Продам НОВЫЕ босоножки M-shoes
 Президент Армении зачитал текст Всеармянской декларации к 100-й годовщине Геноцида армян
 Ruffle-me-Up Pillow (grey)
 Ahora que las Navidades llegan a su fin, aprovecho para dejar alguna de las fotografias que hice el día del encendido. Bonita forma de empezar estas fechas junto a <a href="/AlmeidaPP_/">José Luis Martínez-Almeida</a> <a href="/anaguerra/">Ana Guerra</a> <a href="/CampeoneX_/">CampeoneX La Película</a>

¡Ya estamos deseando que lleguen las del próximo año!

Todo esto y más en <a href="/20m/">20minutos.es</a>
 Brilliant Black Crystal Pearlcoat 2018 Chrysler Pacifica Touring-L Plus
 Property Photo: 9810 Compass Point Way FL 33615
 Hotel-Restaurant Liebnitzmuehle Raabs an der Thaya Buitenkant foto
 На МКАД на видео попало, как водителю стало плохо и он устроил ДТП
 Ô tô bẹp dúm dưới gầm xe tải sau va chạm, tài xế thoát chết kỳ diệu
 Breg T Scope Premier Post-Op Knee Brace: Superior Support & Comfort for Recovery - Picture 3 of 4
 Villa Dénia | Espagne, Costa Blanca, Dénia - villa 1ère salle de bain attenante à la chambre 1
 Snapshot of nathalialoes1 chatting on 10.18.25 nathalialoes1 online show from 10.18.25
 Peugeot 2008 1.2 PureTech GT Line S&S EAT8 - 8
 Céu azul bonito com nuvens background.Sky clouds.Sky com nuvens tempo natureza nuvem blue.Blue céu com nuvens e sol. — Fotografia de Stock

» **YOUR GOAL**
Everything from the first line of the data through the line holding "Ruffle-me-Up Pillow (grey)" should be output exactly, and no other lines.

» **RESPONSE TO THIS EXERCISE**
Продам НОВЫЕ босоножки M-shoes
 Президент Армении зачитал текст Всеармянской декларации к 100-й годовщине Геноцида армян
 Ruffle-me-Up Pillow (grey)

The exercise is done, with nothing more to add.